Data for this task Start Marker

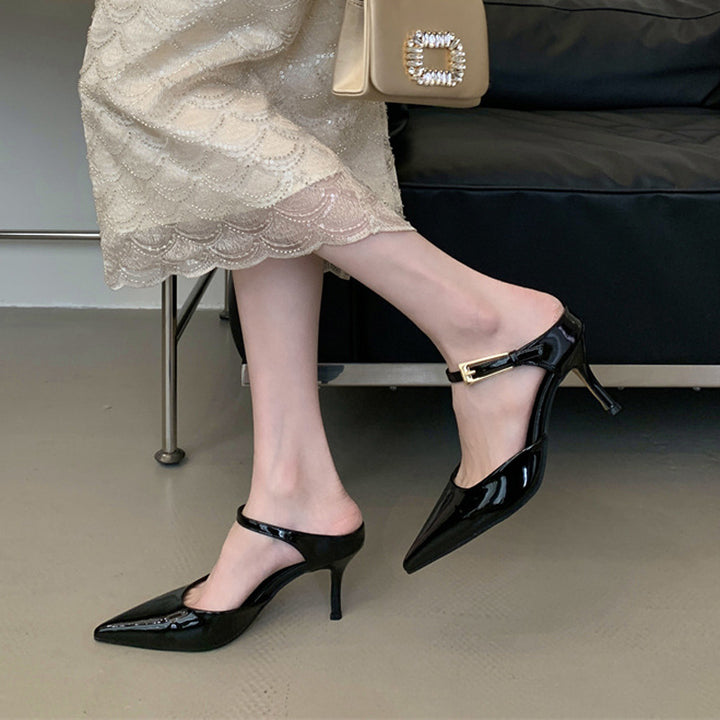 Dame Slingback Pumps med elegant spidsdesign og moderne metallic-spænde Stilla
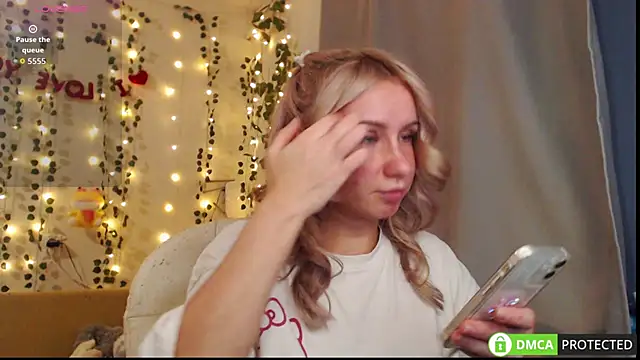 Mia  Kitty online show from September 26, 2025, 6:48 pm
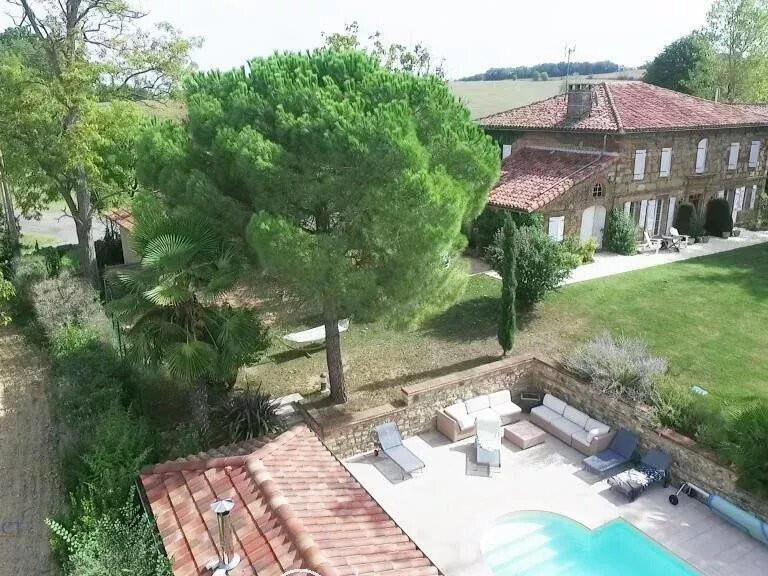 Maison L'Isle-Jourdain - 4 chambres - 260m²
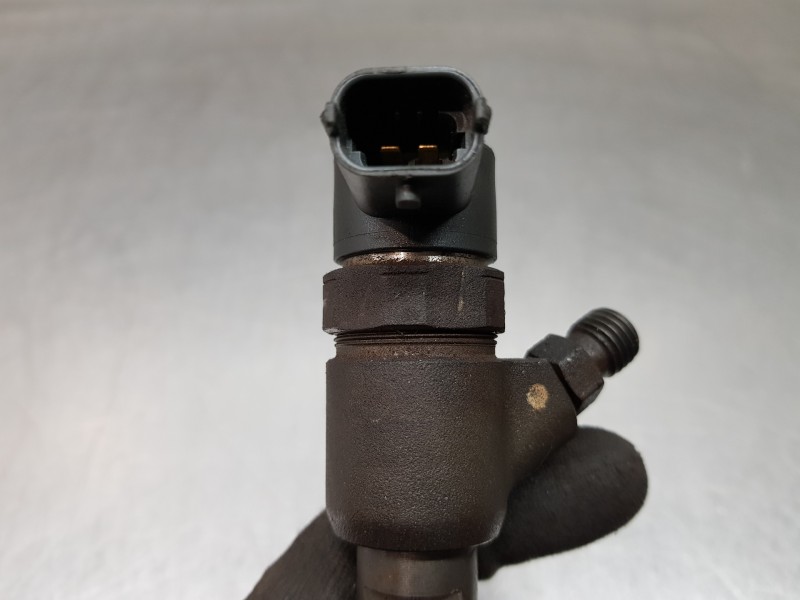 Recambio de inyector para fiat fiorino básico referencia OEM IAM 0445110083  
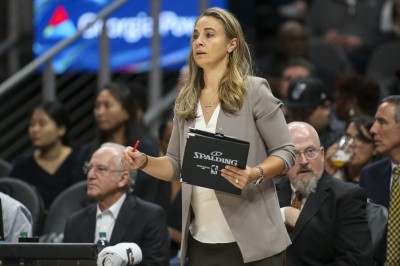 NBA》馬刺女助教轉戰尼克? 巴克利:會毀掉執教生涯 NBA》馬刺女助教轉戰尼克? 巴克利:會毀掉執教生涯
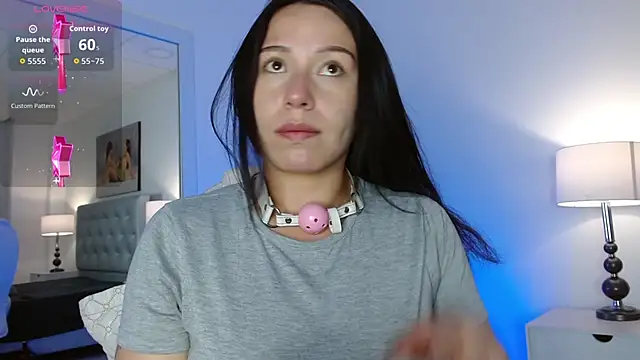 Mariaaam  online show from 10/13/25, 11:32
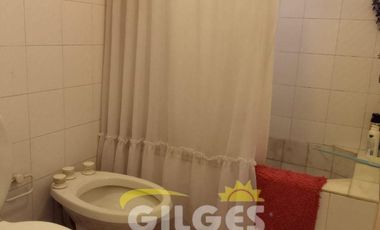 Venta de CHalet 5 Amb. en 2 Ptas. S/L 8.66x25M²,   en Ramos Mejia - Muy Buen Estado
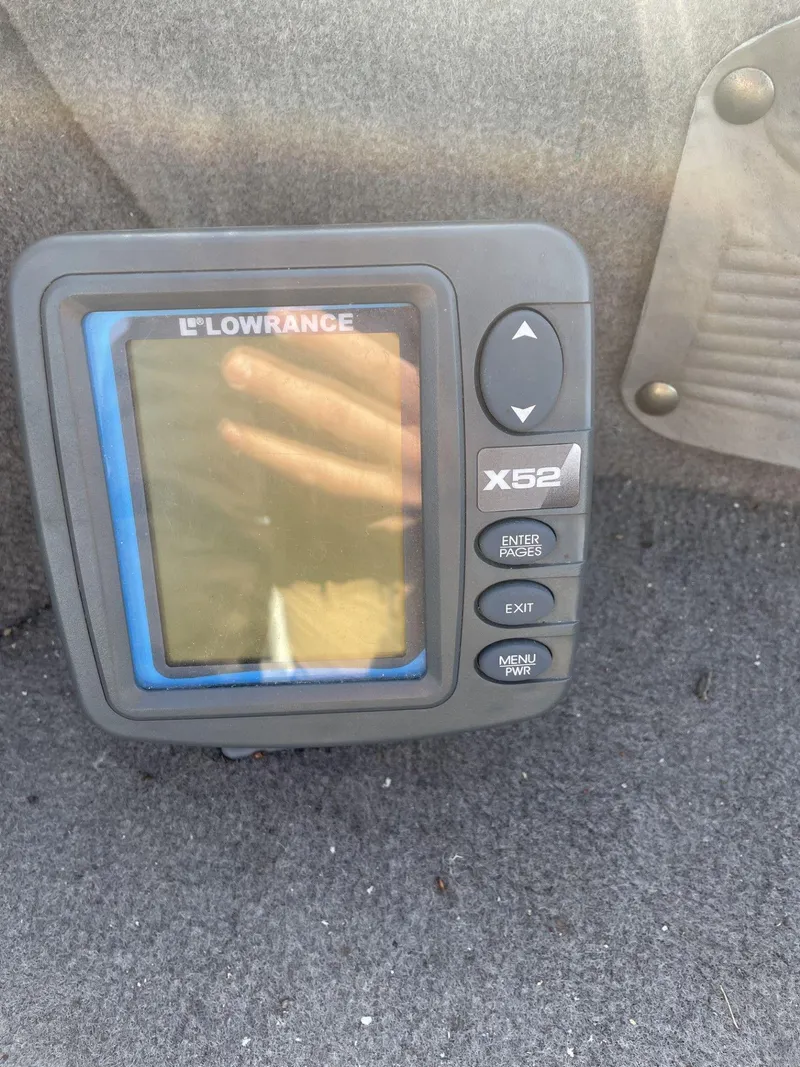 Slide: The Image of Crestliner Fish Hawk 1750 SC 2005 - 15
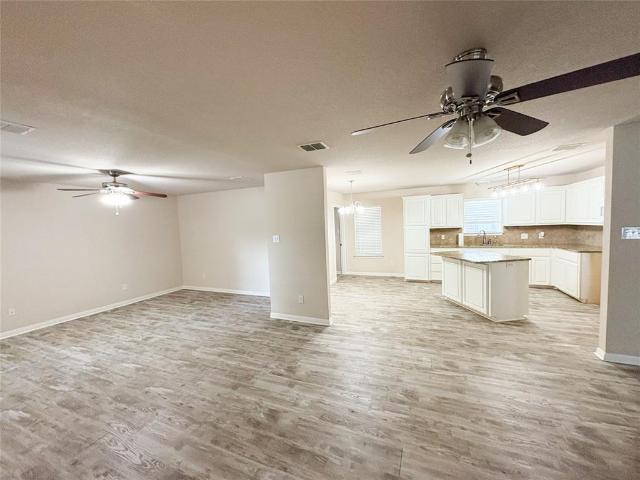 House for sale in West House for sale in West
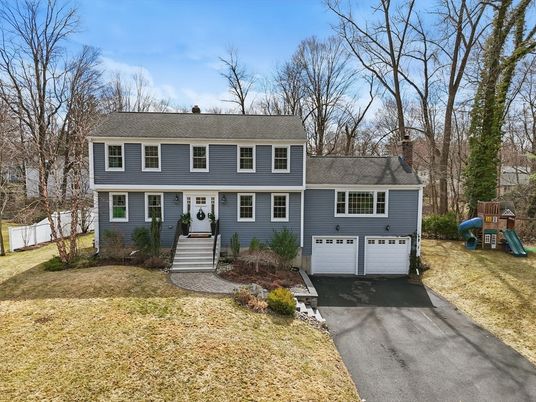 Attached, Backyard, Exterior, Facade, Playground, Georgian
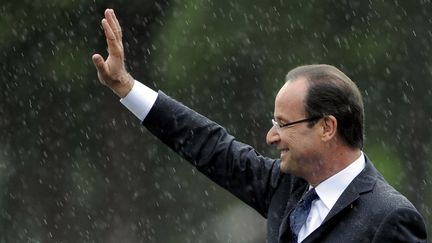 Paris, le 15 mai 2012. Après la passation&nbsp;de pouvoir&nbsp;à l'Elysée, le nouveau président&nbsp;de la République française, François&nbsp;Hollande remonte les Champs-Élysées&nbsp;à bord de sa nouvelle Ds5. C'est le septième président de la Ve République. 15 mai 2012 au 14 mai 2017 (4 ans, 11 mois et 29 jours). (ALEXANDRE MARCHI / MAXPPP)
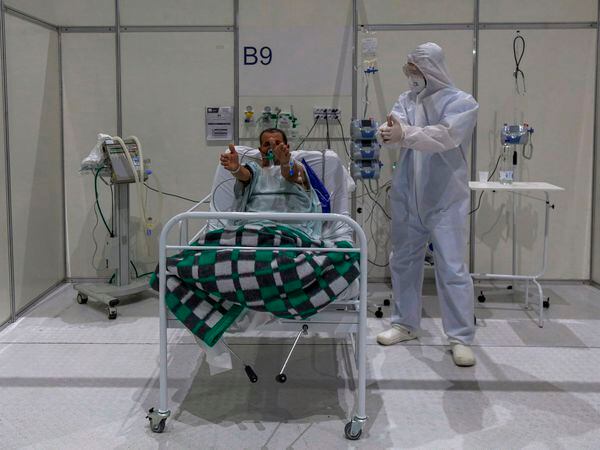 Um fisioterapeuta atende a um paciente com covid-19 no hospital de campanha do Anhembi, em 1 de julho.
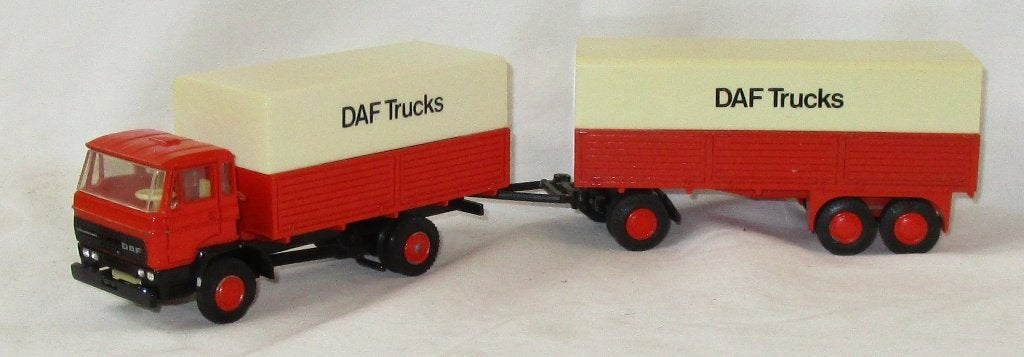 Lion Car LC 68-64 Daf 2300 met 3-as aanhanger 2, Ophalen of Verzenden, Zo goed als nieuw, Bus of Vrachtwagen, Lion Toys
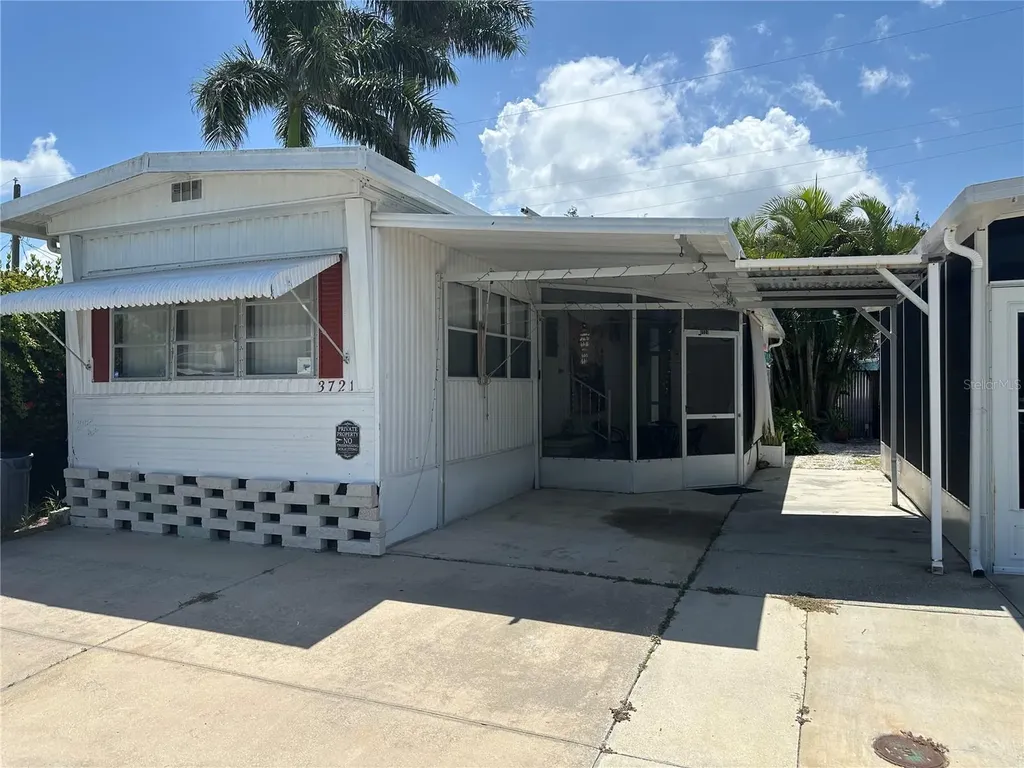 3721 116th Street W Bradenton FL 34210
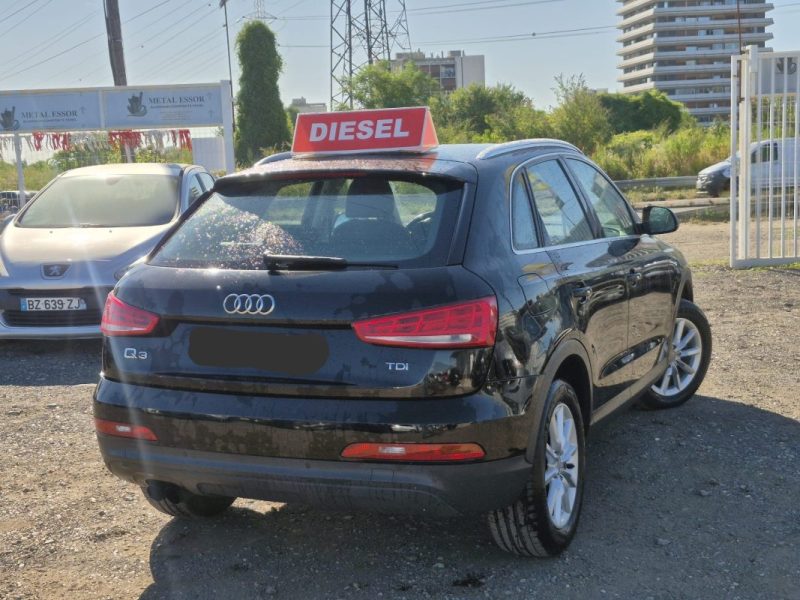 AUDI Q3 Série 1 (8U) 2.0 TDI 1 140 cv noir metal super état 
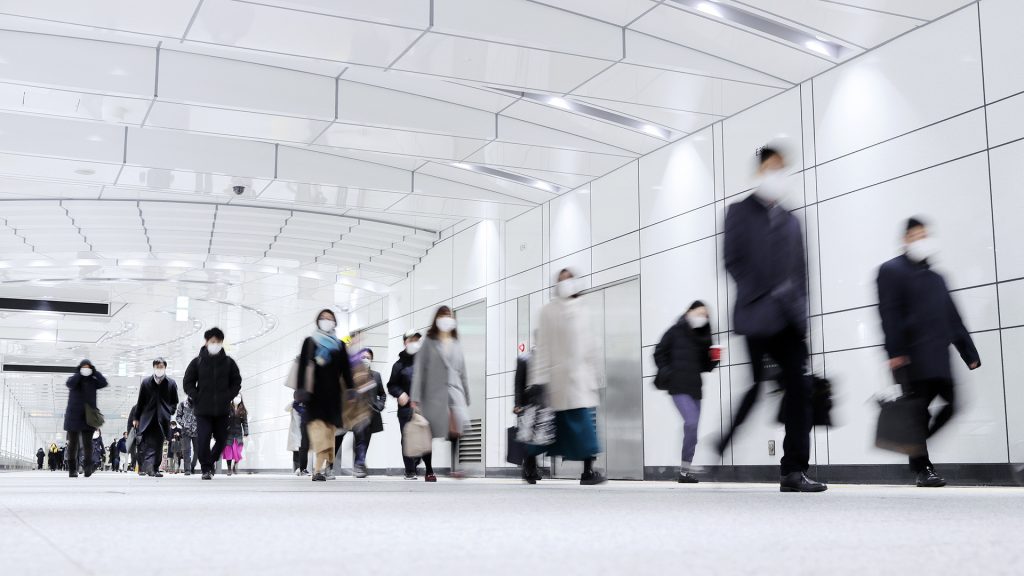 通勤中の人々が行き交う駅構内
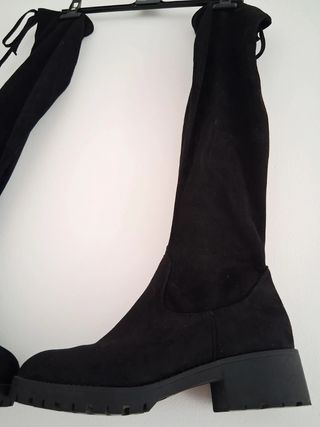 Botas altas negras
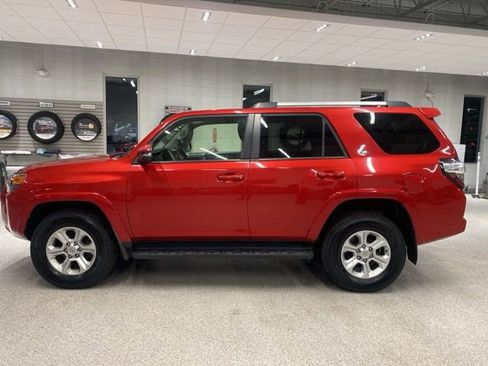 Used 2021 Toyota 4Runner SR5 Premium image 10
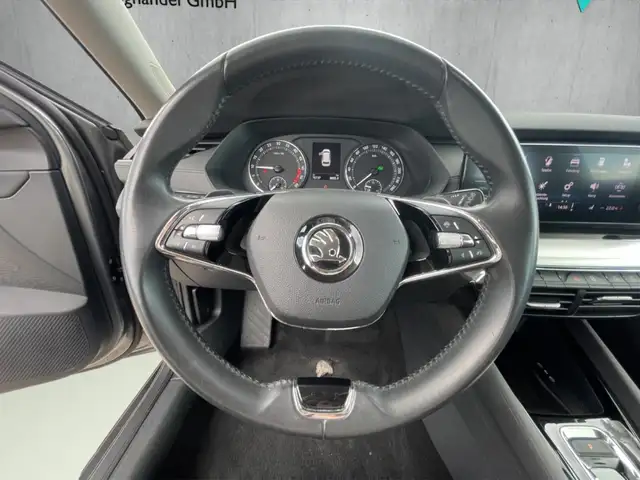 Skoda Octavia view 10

Data for this task End Marker

* **Task statement**
With the pictures left out, copy exactly the lines from the one containing "AUDI Q3 Série" through the last line of the data.

* **Finished exercise**
 AUDI Q3 Série 1 (8U) 2.0 TDI 1 140 cv noir metal super état 
 通勤中の人々が行き交う駅構内
 Botas altas negras
 Used 2021 Toyota 4Runner SR5 Premium image 10
 Skoda Octavia view 10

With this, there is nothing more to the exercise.